TASK DIRECTIONS
For the entries below, print exactly the lines between the line holding "2017 Mercedes-Benz GLE" and the line holding "Президент США Дональд", inclusive, and nothing else.

EXERCISE DATA
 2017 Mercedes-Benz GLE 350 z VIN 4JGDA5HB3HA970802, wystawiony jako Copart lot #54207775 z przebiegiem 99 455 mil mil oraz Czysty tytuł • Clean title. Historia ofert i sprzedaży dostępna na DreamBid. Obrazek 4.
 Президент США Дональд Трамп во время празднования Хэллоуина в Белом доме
* * *
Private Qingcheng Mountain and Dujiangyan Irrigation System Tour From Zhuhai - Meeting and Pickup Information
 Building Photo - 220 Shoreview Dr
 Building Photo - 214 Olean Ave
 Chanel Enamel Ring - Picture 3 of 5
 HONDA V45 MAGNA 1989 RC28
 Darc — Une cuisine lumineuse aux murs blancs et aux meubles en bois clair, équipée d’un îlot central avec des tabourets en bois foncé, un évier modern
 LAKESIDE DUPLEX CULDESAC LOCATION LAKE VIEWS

ANSWER BELOW
 2017 Mercedes-Benz GLE 350 z VIN 4JGDA5HB3HA970802, wystawiony jako Copart lot #54207775 z przebiegiem 99 455 mil mil oraz Czysty tytuł • Clean title. Historia ofert i sprzedaży dostępna na DreamBid. Obrazek 4.
 Президент США Дональд Трамп во время празднования Хэллоуина в Белом доме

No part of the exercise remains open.